According to Elsje Fourie, the demise of and theoretical backlash against the modernisation paradigm has left its portrayal 'disowned', 'deconstructed' and 'unfashionable' to the 'extent that no formal discussion of' modernity 'seems complete without a distancing of author from subject' (2012: 53). Part of the postmodern turn, Jean-François Lyotard did much to set the tone for those eager to disown and deconstruct prevalent understandings of modernity as ineluctably associated with historical convergence and socio-cultural homogenisation. Lyotard allies Wittgenstein's notion of 'language games' with the assertion that the rise of the 'postindustrial age' and 'postmodern culture' of the late-twentieth century involves a loss of' credulity' in respect of traditional modes of' legitimation' and established 'grand narratives' by which modernity has customarily been underwritten. The postmodern 'incredulity toward metanarratives', he argues, both rejects notions of 'totality', 'unicity' and 'system' and 'refines our sensitivity to differences and reinforces our ability to tolerate the incommensurable'. In marked contrast to modernising narratives of homogeneity and convergence, Lyotard posits 'local determinism' and 'temporal disjunction' as characteristic of postmodernity's 'breaking up of grand Narratives' (1984: xxiii-xxv, 3-37). Though of a principally philosophical nature, the postmodern problematisation of 'metadiscourse' exemplified by Lyotard has enjoyed continued popularity among social scientists uncomfortable with the concept of modernity as a 'Great Unifier' (Therborn 1995) or seeking to articulate a 'culturalist approach' to regional dynamics free from 'a larger narrative explaining how everything is ordered in a universally valid theoretical system which subjects them to a teleological necessity or causation' (Baykan 1990: 139).

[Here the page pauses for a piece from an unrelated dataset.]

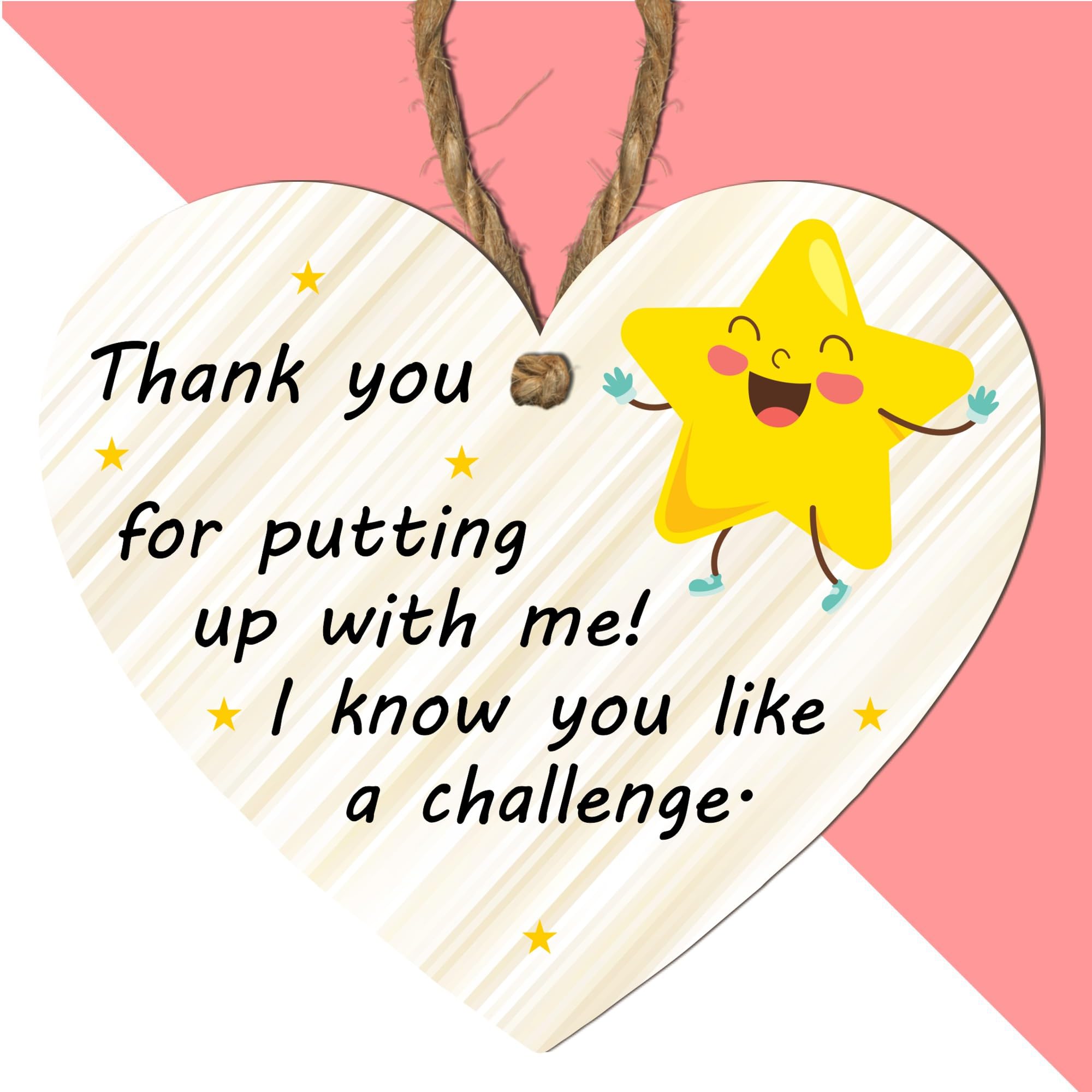 Handmade Wooden Heart Plaque - "Thank You for Putting Up with Me!" - Hanging Decoration with Twine String - Perfect Funny Gift for Friends, Teachers, Loved Ones (Medium: 15 cm (H) × 13 cm (W))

The disowning and deconstruction of established portrayals of modernity is likewise undertaken by scholars championing postcolonial and subaltern narratives rooted in regional identity-politics. Walter Mignolo, for example, espouses a 'geopolitics of knowledge' which rejects the 'colonial imaginary' underwriting Western theories of modernity in favour of the 'reinstitution of location as a geopolitical and epistemological configuration of knowledge production' (2000: 305). As 'there is no modernity without coloniality', he argues, there can be no 'critique of modernity from the perspective of modernity itself'. Forged through the 'desubalternization of local knowledge', the reconstruction of 'local histories' as 'pluritopic' critiques of modernity offers the only viable means of escaping the 'coloniality of power' implicit within the 'overarching metaphor' of 'Occidentalism' (2000: 13, 43, 87). In the same vein, Gurminder Bhambra eschews prevailing 'sociological constructions of modernity' because of their dependence upon 'a particular historical understanding' which 'privileges' one regional perspective over others. Formulated amidst the 'institutions', 'practices' and 'structures' of Europe, he maintains, the '"facts" of modernity' articulated by dominant 'analytical categories' are nothing more than 'hermeneutical fabrications' unavoidably peddling 'a form of Eurocentrism' (2007: 145-7).

Avoiding the wholesale disownment and scorched-earth deconstructionism championed by Mignolo and Bhambra, Arjun Appadurai nevertheless performs an act of authorial distancing from established theorisations of modernity by calling for more pluriform representations which account for 'the multiple worlds that are constituted by the historically situated imaginations of persons and groups spread around the globe' (1996: 33). Articulated by complementary qualifications of modernity (or modernities) as, for example, 'alternative' (Goankar 2001), 'hybrid' (Canclini 1995), 'later' (Kaya 2004), 'local' (Rosati 2012), 'mixed' (Ortiz 1994), 'organised' (Carleheden 2007), 'successive' (Wagner 2012) and 'varied' (Schmidt 2006), the most popular form of terminological distancing from traditional notions of modernity has been effected by appending the prefix 'multiple' (e.g. Eisenstadt 2000; Arnason 2002). Indeed, both across the sociological community in general and within the sociology of religion in particular, the 'multiple modernities' paradigm has enjoyed something akin to hermeneutical dominance subsequent to its formative popularisation by Shmuel Eisenstadt.